# [Exercise aim]
Extract every line from the records below that contains the word "Photo".

# [Stored dataset items]
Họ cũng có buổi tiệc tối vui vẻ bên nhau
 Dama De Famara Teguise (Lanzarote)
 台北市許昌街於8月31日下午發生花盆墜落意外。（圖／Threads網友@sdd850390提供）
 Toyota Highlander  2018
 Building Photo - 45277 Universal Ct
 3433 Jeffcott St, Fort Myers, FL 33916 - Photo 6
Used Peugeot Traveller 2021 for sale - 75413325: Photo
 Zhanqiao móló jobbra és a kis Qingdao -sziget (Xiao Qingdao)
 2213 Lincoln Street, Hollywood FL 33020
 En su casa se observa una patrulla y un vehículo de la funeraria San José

# [Expected output]
 Building Photo - 45277 Universal Ct
 3433 Jeffcott St, Fort Myers, FL 33916 - Photo 6
Used Peugeot Traveller 2021 for sale - 75413325: Photo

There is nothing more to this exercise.